- **WORK TO COMPLETE**
Could you copy exactly the lines below, beginning at the line with "Red-Haired Astronaut Explores" and stopping after the line with "Christmas Pencil Box", with no pictures?

- **DATASET RECORDS**
§ §

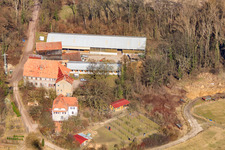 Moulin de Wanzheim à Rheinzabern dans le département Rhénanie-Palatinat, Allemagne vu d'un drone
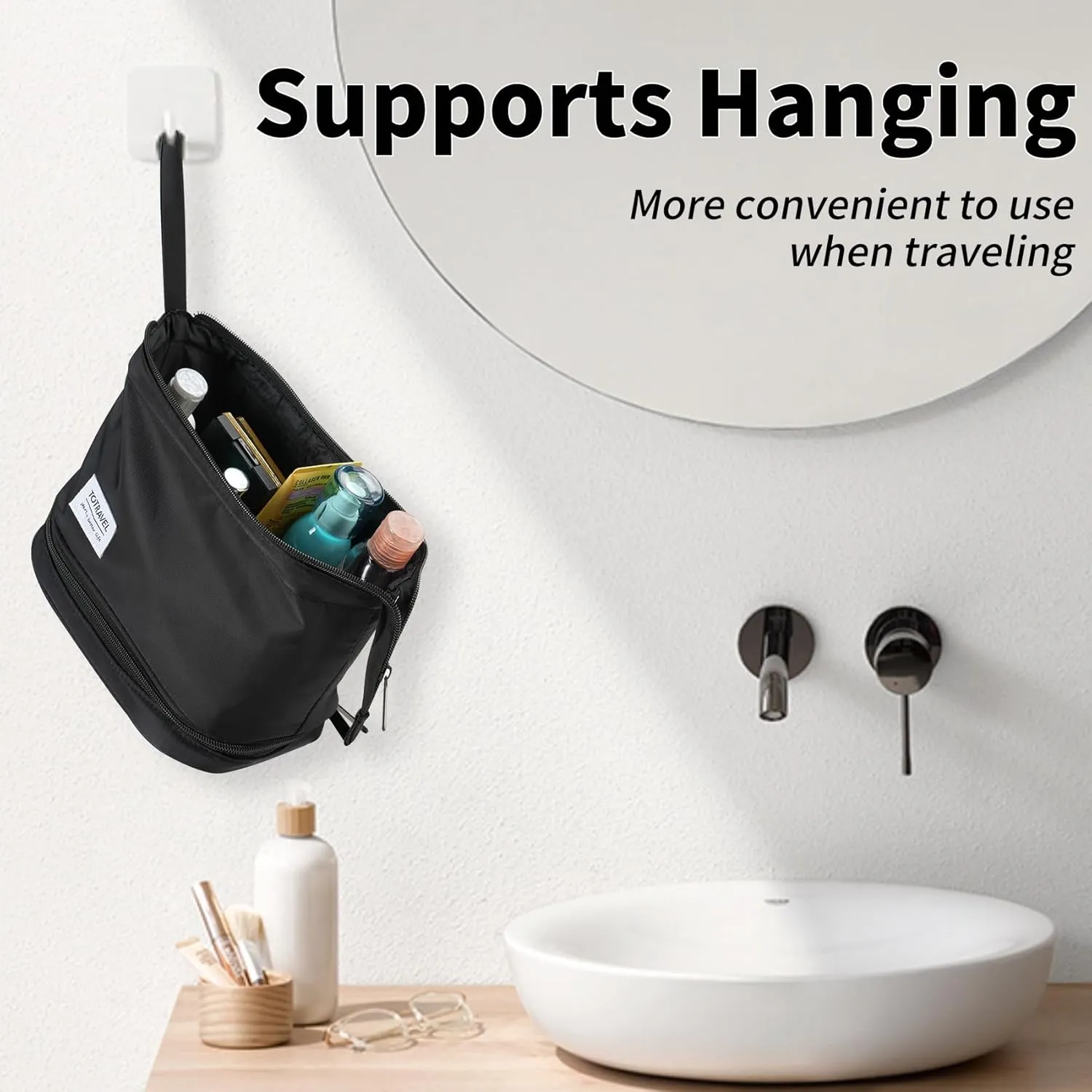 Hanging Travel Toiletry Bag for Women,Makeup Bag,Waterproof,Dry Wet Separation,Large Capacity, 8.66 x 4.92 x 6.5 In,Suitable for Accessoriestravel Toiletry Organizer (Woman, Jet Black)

§ §

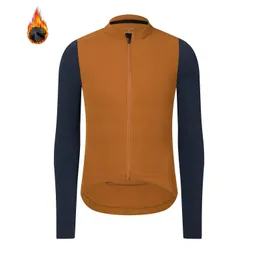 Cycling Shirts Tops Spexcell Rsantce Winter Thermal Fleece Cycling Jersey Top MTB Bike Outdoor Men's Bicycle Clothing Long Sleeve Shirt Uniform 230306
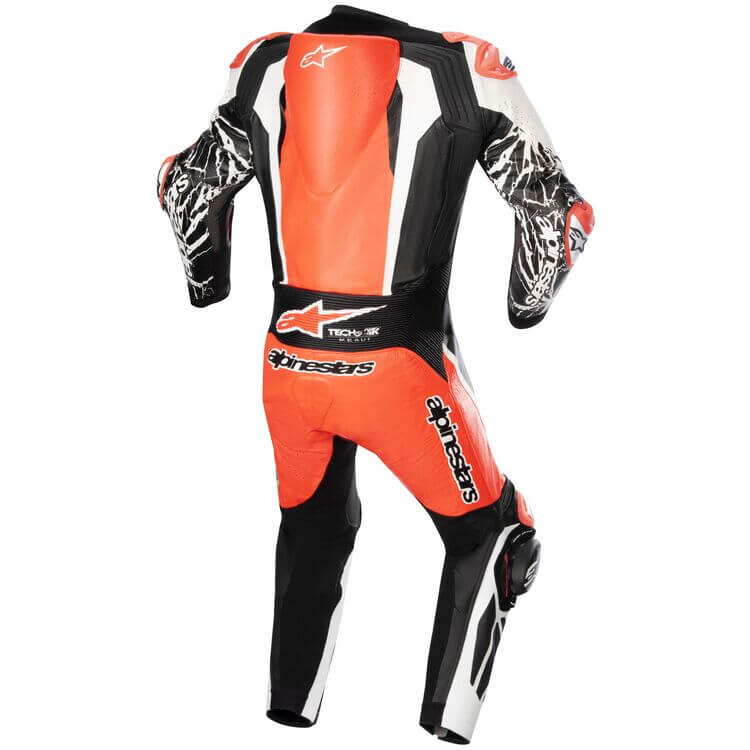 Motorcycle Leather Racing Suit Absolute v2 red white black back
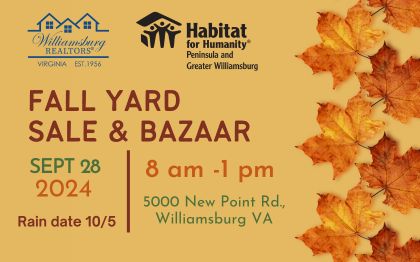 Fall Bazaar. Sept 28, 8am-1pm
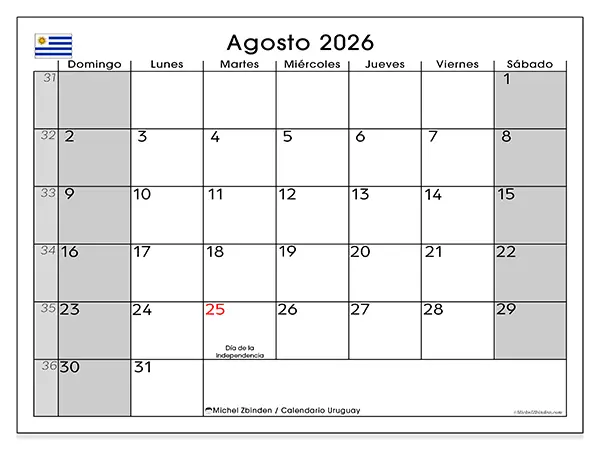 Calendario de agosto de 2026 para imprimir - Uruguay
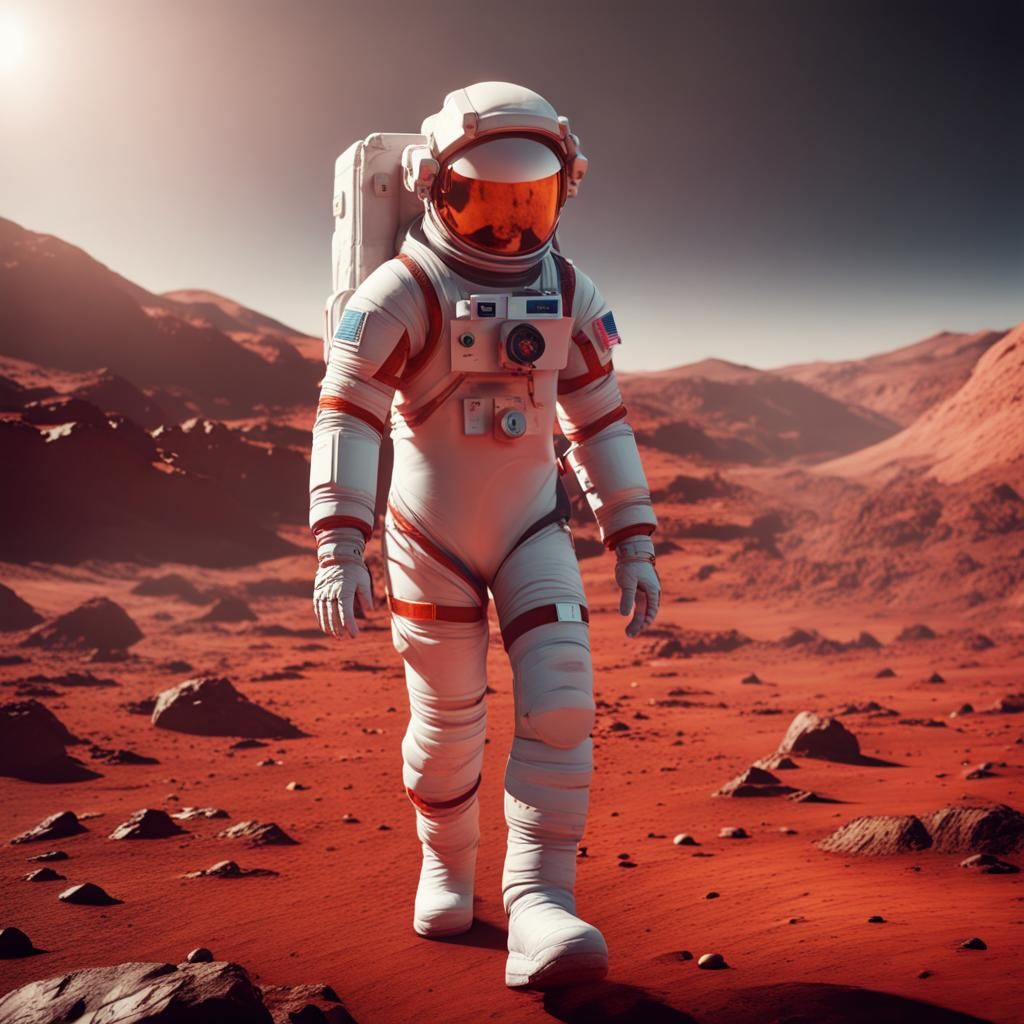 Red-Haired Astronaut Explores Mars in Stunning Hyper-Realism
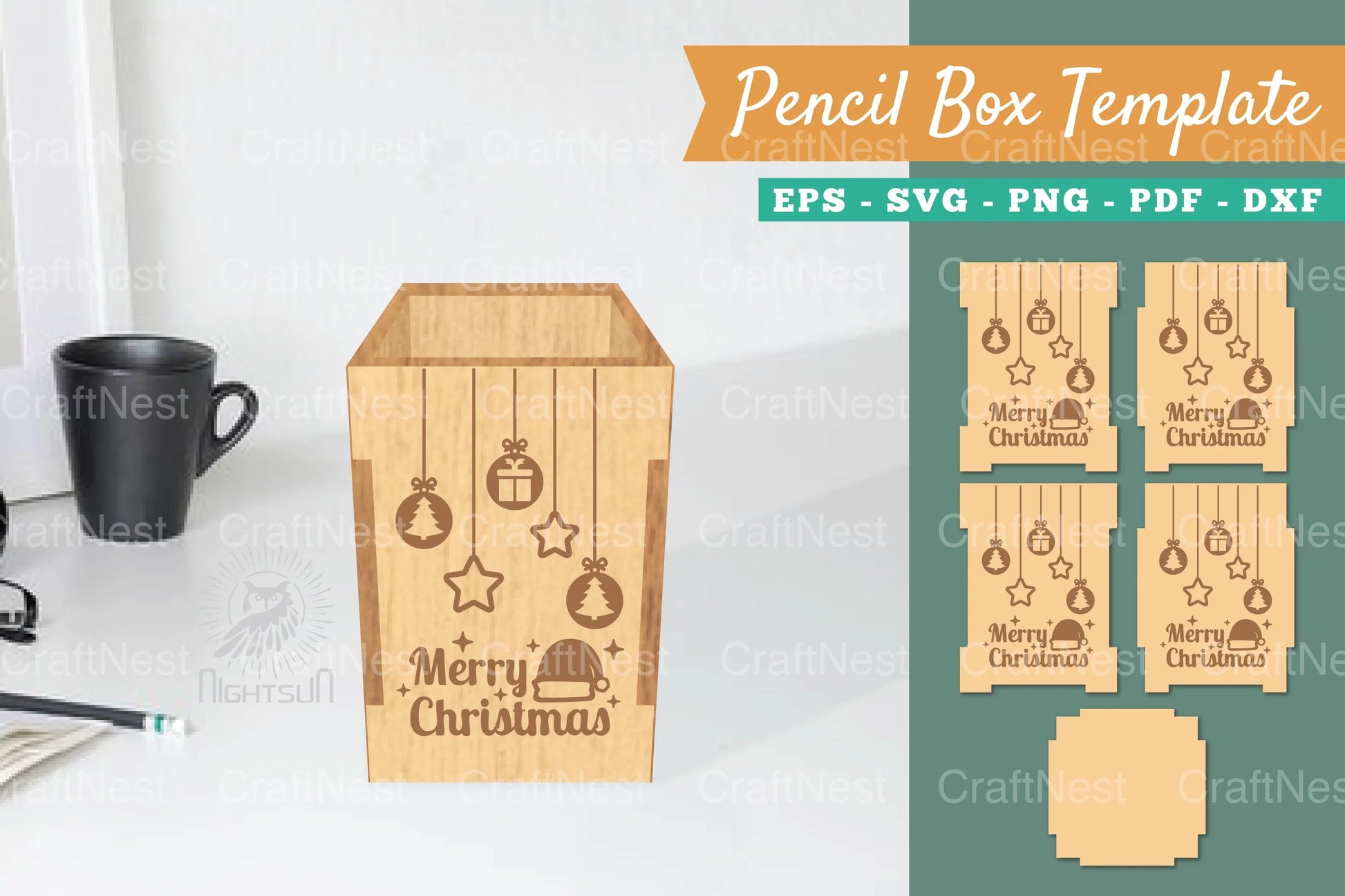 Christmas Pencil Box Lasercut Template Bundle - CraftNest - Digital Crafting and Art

§ §

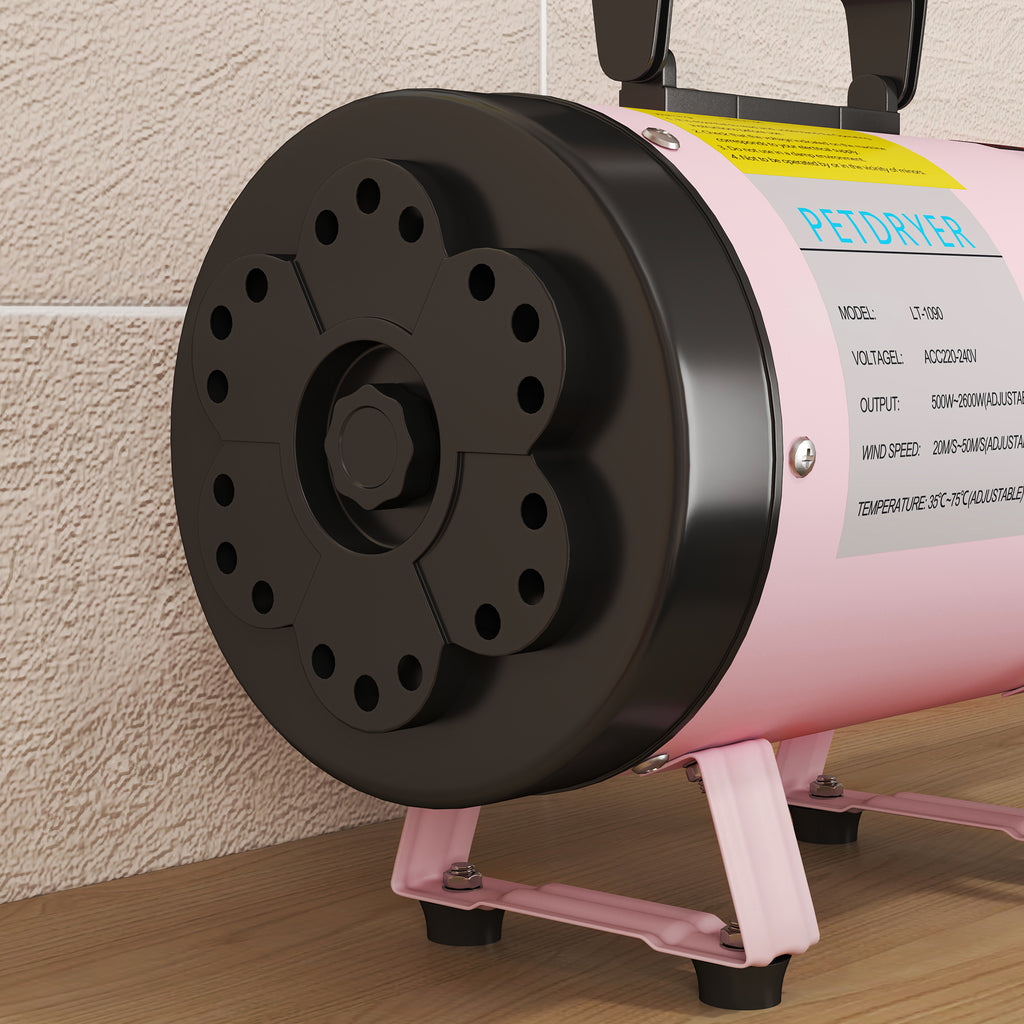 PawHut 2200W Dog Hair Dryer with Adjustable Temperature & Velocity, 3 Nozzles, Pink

§ §

- **ANSWER BOX**
 Red-Haired Astronaut Explores Mars in Stunning Hyper-Realism
 Christmas Pencil Box Lasercut Template Bundle - CraftNest - Digital Crafting and Art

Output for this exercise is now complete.